*What is expected*. Excluding every picture, print exactly the lines from the one containing "Grand Ole Carousel" through the end of the material below, both ends included.
^^^^
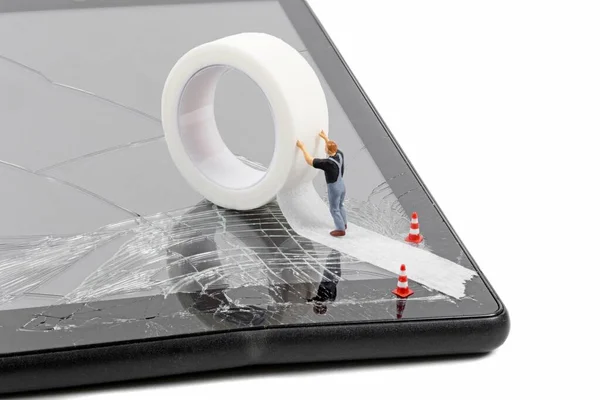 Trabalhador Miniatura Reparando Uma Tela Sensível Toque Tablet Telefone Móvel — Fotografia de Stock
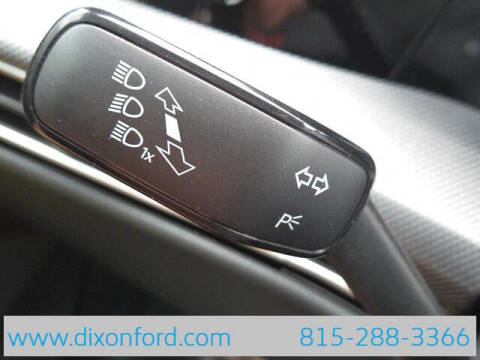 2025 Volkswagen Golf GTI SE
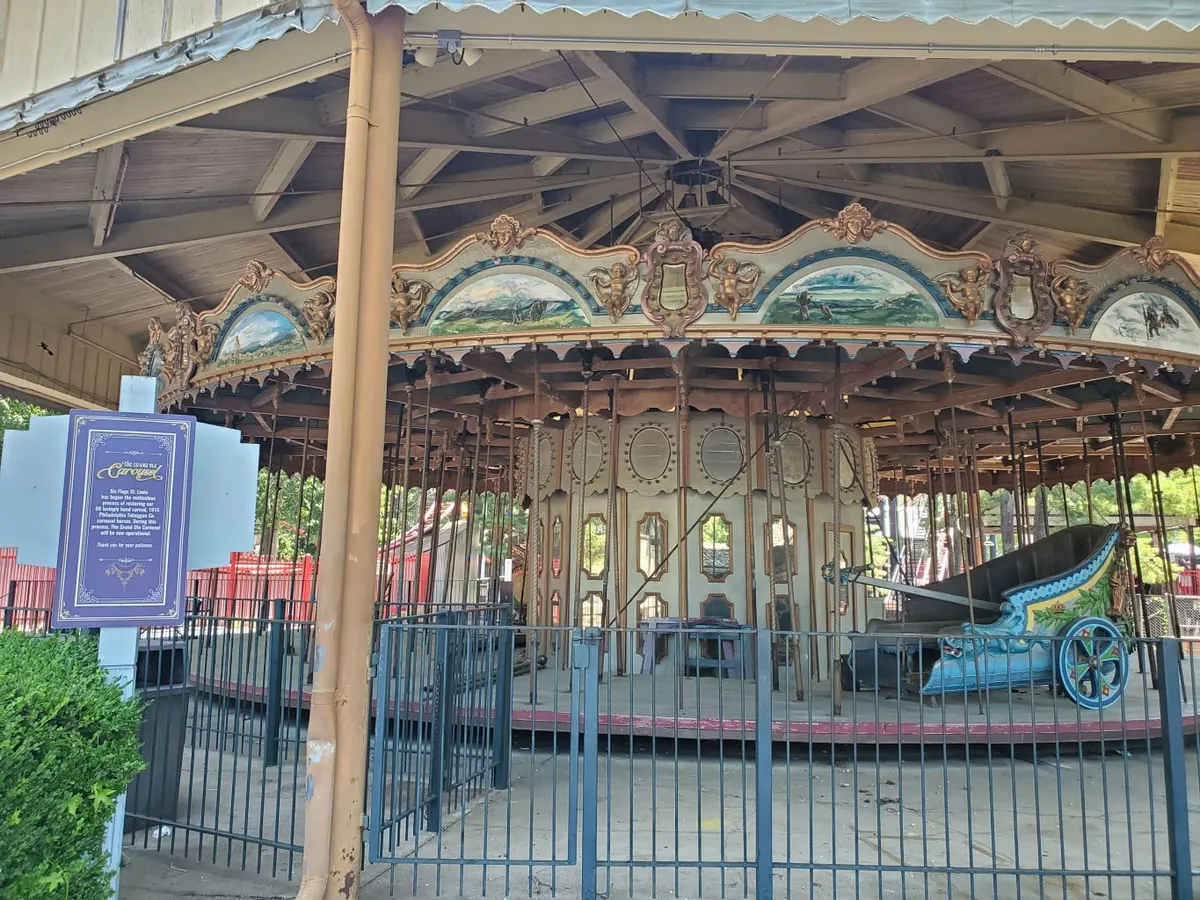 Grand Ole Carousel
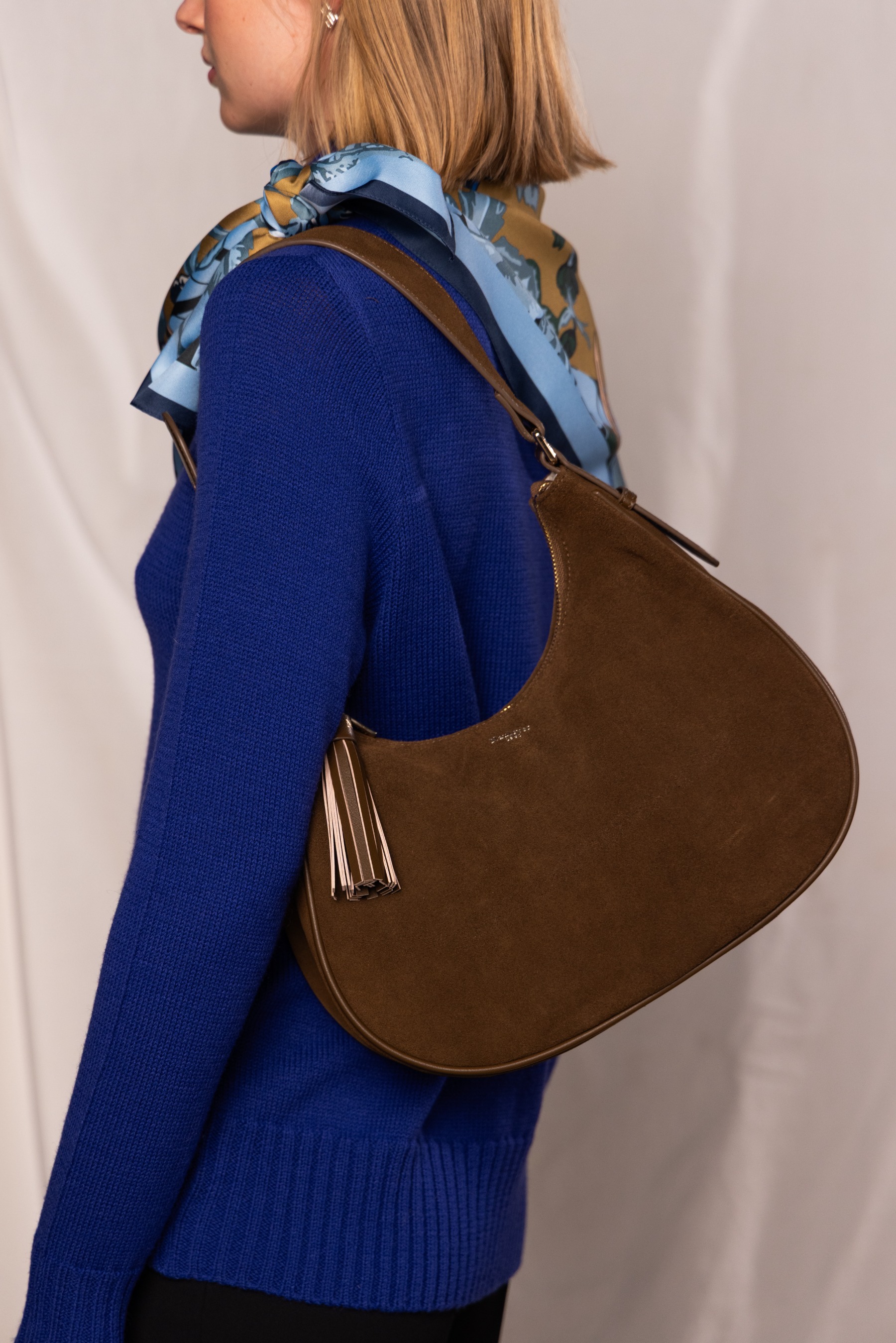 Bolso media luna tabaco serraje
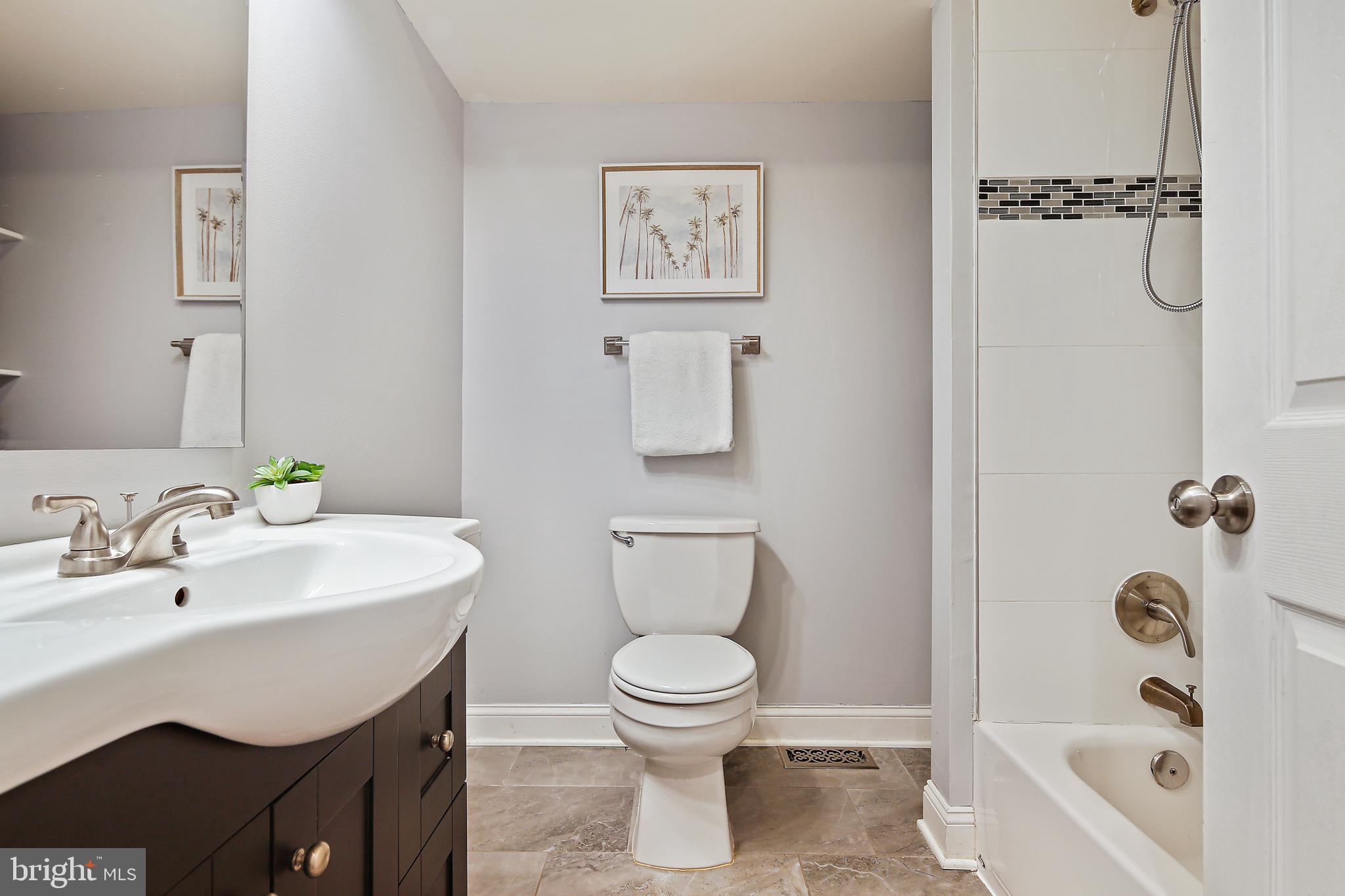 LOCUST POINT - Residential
^^^^
*Answer*.
 Grand Ole Carousel
 Bolso media luna tabaco serraje
 LOCUST POINT - Residential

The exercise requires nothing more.